Румянцева порылась в сумке и протянула мне пластиковую коробочку. Я достал таблетку и сунул профессору под язык. Румянцев рефлекторно зашевелил губами. «Да, ты еще крепкий старик, Розенбом!» — подумал я, поднялся и достал папиросу.

— Огоньку не найдется, Ирина Сергеевна? А то я, похоже, оставил зажигалку в вашей машине, — и я кивнул в сторону красиво полыхающего «мерса».

Вокруг уже вовсю сновали высыпавшие из здания морга люди в белых халатах и случайные прохожие. Кто-то кричал «Пожар!», кто-то звал милицию. Словом, царила обычная в таких случаях суматоха.

Между тем Ирина Сергеевна, не сводя с меня пылающих ненавистью глаз, молча протянула мне позолоченную «зиппо». Я с наслаждением сделал пару затяжек и взял ее под локоток.

— Нам надо поговорить.

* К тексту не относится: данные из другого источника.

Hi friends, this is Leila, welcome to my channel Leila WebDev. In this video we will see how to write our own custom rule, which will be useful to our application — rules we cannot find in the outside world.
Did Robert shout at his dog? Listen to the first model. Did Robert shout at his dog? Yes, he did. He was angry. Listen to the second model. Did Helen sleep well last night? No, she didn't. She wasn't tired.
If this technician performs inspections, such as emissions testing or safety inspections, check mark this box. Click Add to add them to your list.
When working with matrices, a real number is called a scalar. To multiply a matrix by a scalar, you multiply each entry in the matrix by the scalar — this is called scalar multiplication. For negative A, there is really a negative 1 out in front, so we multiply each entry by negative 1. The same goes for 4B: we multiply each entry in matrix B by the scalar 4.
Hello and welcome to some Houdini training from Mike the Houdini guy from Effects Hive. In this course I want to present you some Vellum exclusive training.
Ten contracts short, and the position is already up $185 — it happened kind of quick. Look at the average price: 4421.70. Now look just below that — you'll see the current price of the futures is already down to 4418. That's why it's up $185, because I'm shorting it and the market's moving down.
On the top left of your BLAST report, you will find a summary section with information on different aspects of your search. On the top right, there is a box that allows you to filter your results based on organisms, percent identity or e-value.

Думаю, несколько минут у нас с вами еще есть.

Она покорно дала отвести себя в сторону, подальше от активно делающего сосательные движения профессора, и вопросительно взглянула на меня.

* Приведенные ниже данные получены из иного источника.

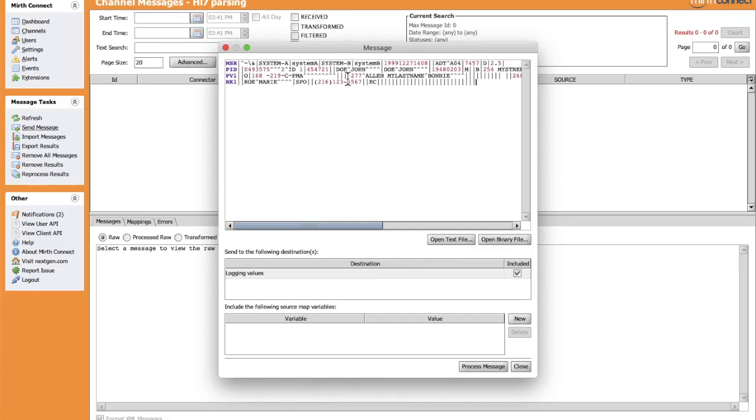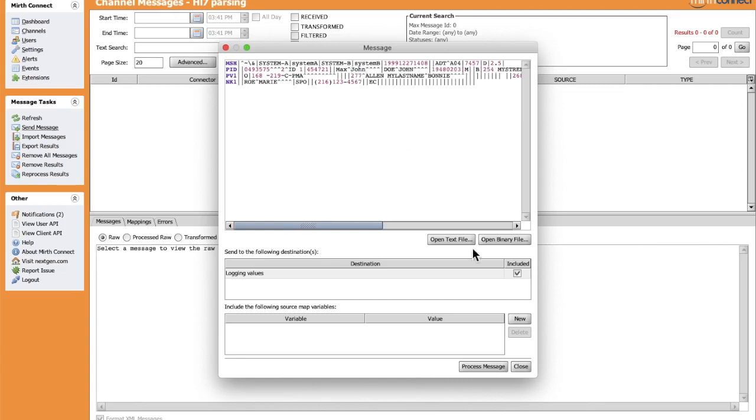Let's change, for example, the first and last name of the patient. Let's process the message.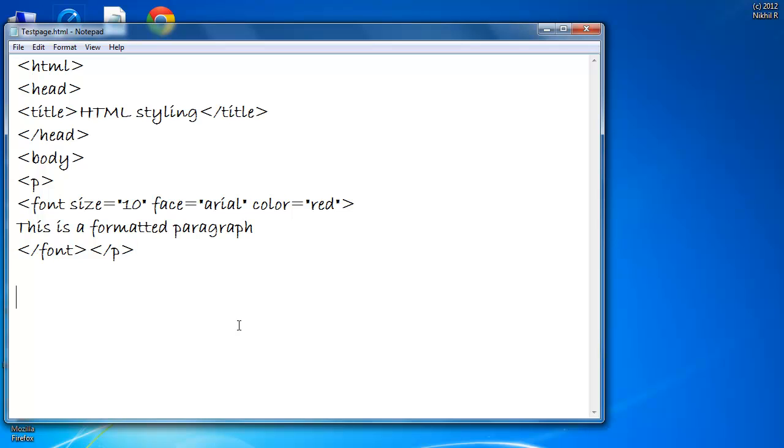But the World Wide Web Consortium, that is W3C, has removed the font tag from its recommendations.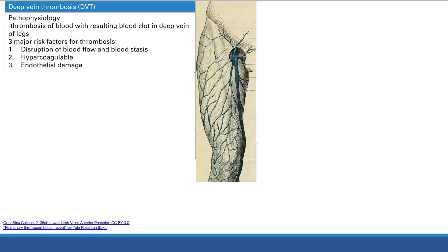DVT and pulmonary embolism. First, DVT - the name tells us everything: deep vein thrombosis, thrombosis of blood resulting in blood clots in the deep veins of the leg. As you can see here, those are the femoral, iliac, and popliteal veins - the deep veins. Then we have the superficial veins, those blue lines you might see on your own legs. Clotting in the deep veins is what can cause big problems.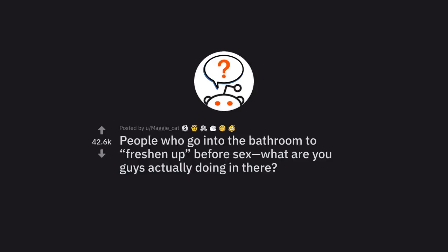Ask Reddit by Maggie Cat. People who go into the bathroom to freshen up before sex, what are you guys actually doing in there?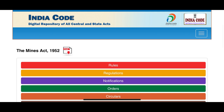This is the India Code website, where all these acts are available. For example, I have opened here the Mines Act 1952. Based on the Mines Act 1952, all the rules, regulations, and notifications are available here.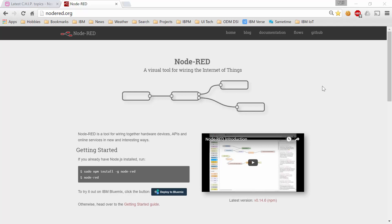So Node-RED is a JavaScript environment that one uses to visually build Internet of Things flows. It's harder to describe than it is to show, but the high level is that when we install Node-RED we can bring up a browser and we get little building blocks that we can wire together.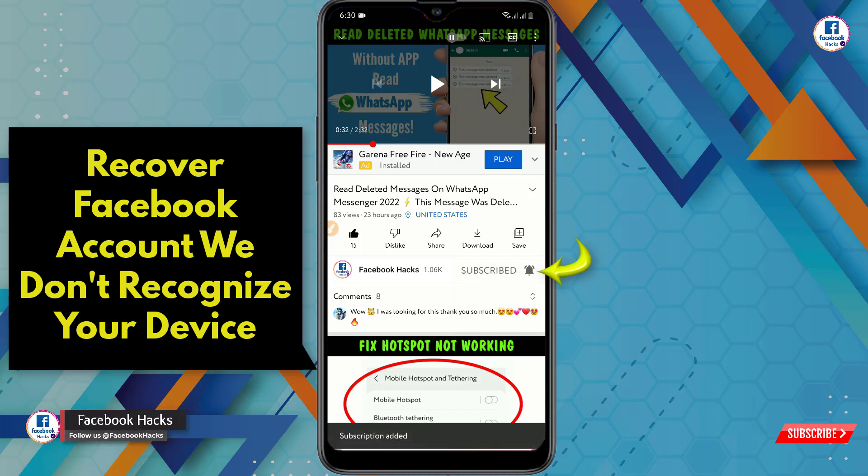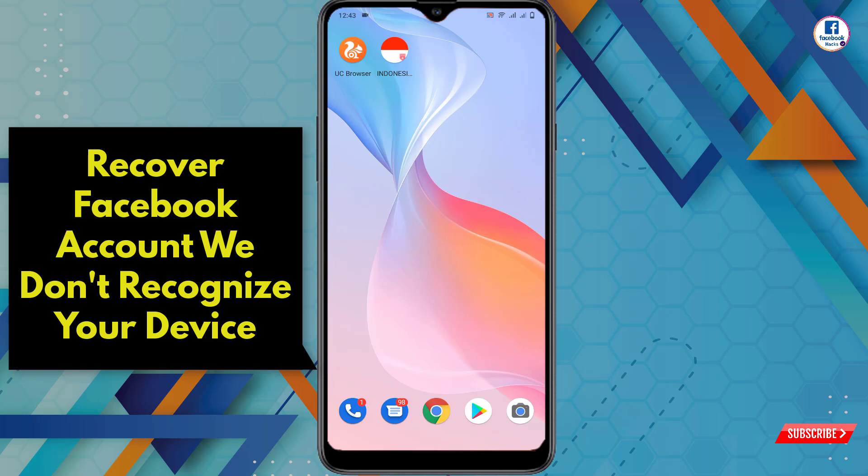For this, you need to have two things: number one, UC Browser, and number two, an Indonesian VPN. Both app links are available in the video description. First, we'll show you the hacked account that we are going to recover.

— Значит так, Ирина Сергеевна. Мне известно, что вы заказали убийство своего мужа… Прошу вас, не перебивайте. Ваше счастье, что профессор не пострадал. (Кстати, можете за это поблагодарить меня… Не хотите? Не надо.) Теперь у вас есть два варианта: первый — вы немедленно сдаете мне киллера, то есть адреса, явки, пароли. А также удовлетворяете мое любопытство по части того, зачем вы вообще решились на такой, мягко говоря, некрасивый поступок. В этом случае я оставляю вас в покое, вы забираете своего мужа и окружаете его заботой и вниманием. В которых он, — я посмотрел на привалившегося к стене профессора, — в настоящее время остро нуждается.

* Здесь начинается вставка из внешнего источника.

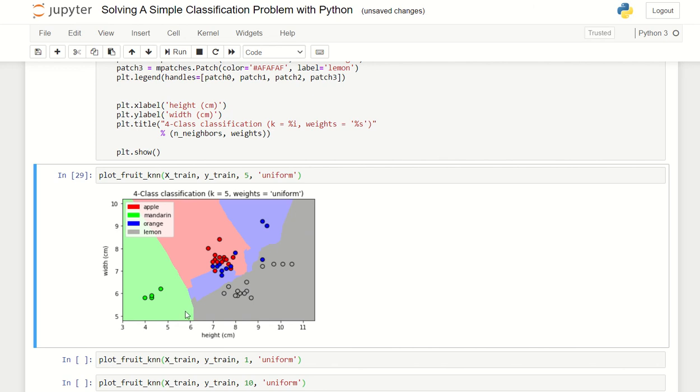Now we can see that we have several regions of fruits. This is lemon, and then this is orange, and the red region is apple and the green region is mandarin.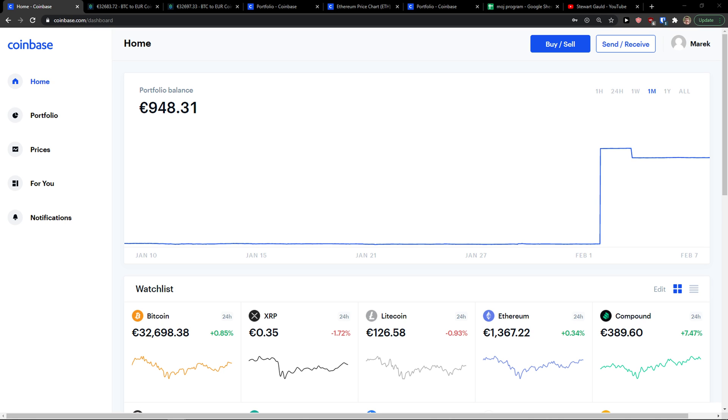Hey there guys, my name is Markus and in this video I will show you a simple way to easily find your wallet address on Coinbase.com.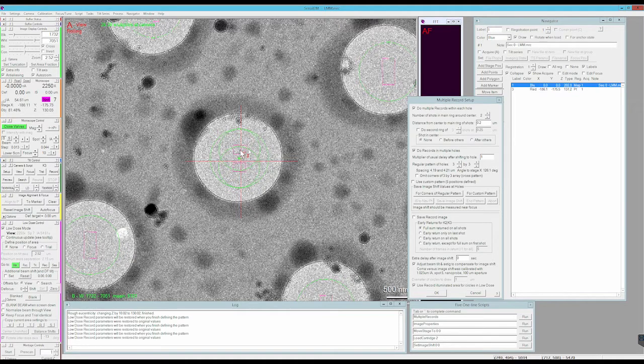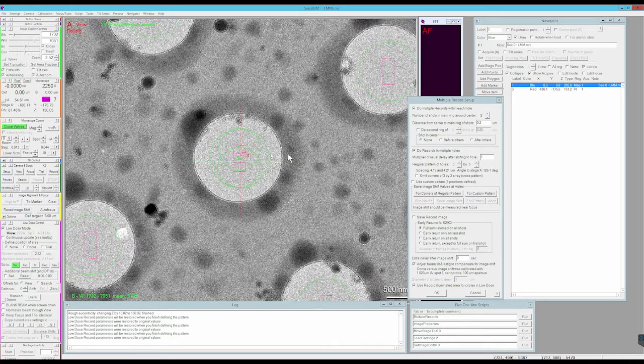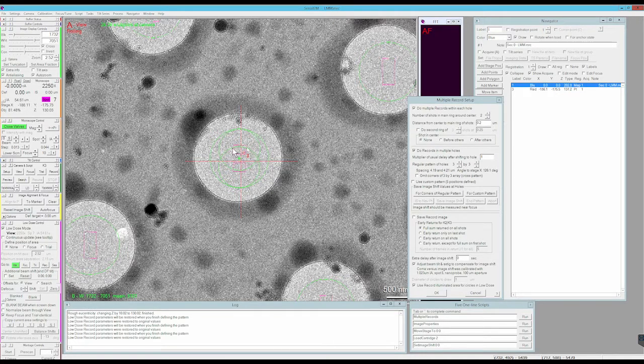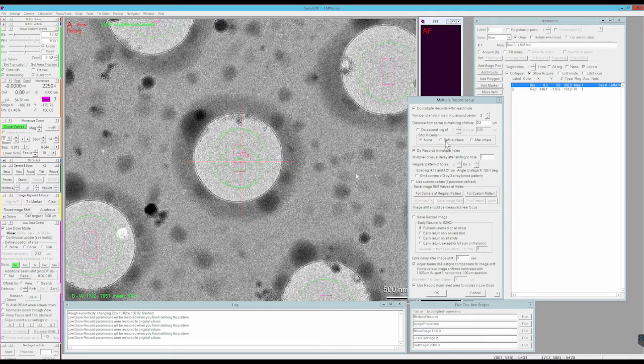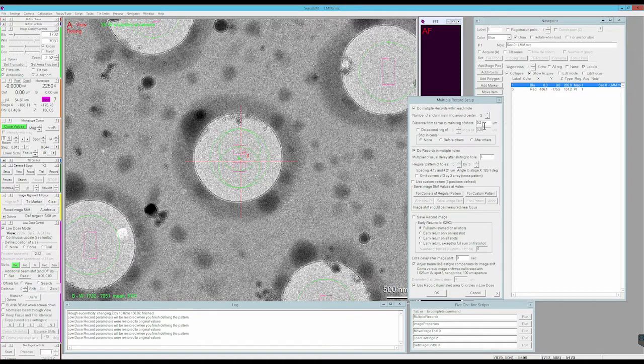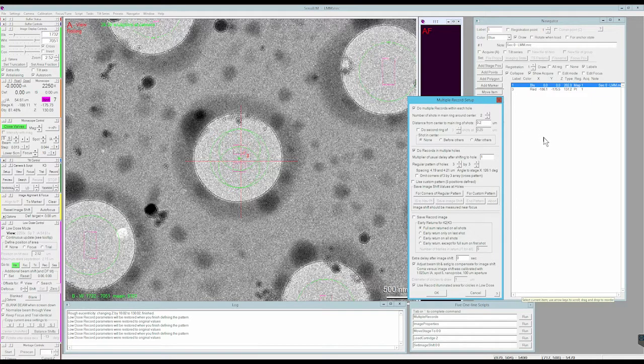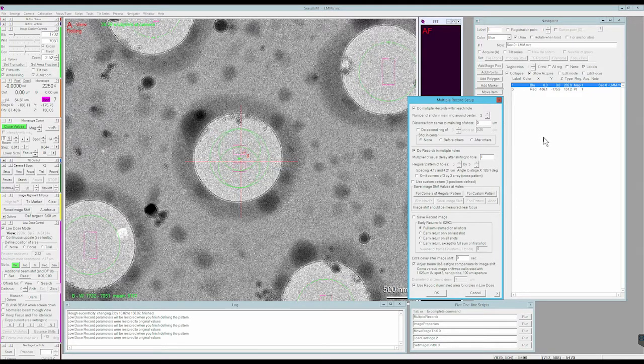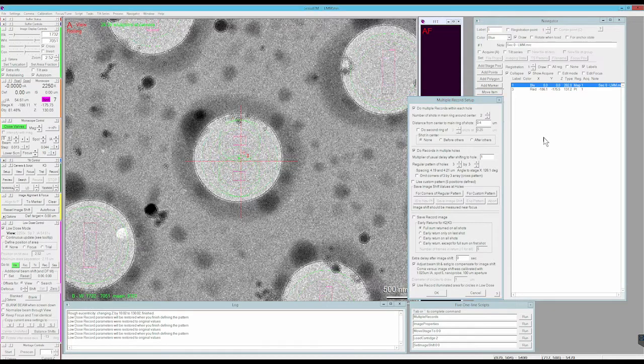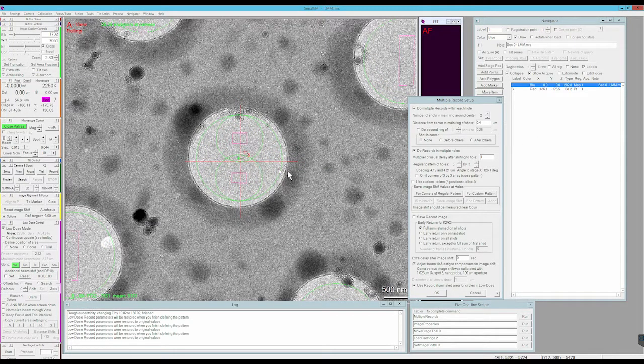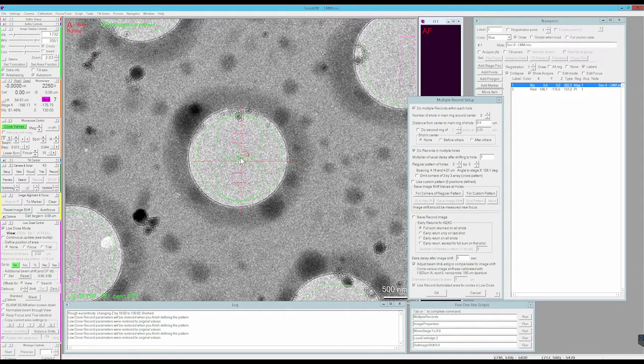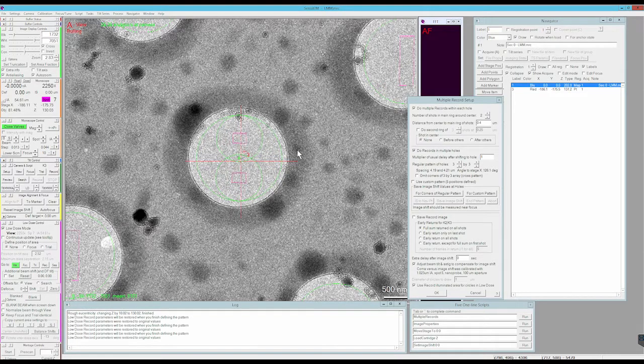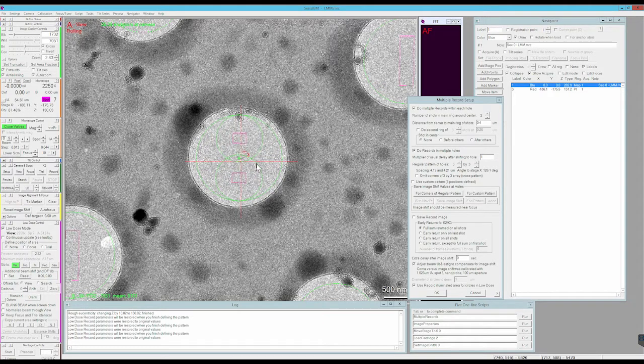The field of view of the camera is the magenta rectangle, while this green circle around each of those rectangles is the beam diameter. You can see that with this two hole spacing, the beam for one gets into the field of view of the other, but I have a lot of area. So I can adjust this value here, distance from center to main ring of shots, and let's change that to something like 0.4 and hit enter. Now I'm doing a lot better spacing wise.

— А второй? — нервно перебила меня Ирина.

— Второй вариант очень простой. Сейчас сюда приедет милиция, и я сдам вас как предполагаемого заказчика убийства. Возможно, впоследствии каким-то образом вы и сумеете выкрутиться, но длительную экскурсию в изолятор временного содержания с питанием и проживанием я вам гарантирую твердо.

— Дайте сигарету!

— К сожалению, у меня только «Беломор».

— Все равно. — Она схватила папиросу и дрожащими пальцами стала щелкать зажигалкой. — Хорошо, я все расскажу. Но поверьте, я… действительно его не знаю…

До приезда милиции Румянцева успела рассказать мне, что частное расследование, которое профессор провел после прочтения небезызвестного бестселлера, действительно увенчалось уличением Ирины Сергеевны в супружеской неверности. Испугавшись перспективы остаться на бобах и лишиться не только статуса профессорской жены, но и собственного салона, она решила организовать убийство мужа.

К разработке способа и деталей убийства Ирина подключила Твердохлебова, заявив, что хватит тому сидеть на шее любовницы — пора что-то сделать своими руками. Для общего, так сказать, счастья.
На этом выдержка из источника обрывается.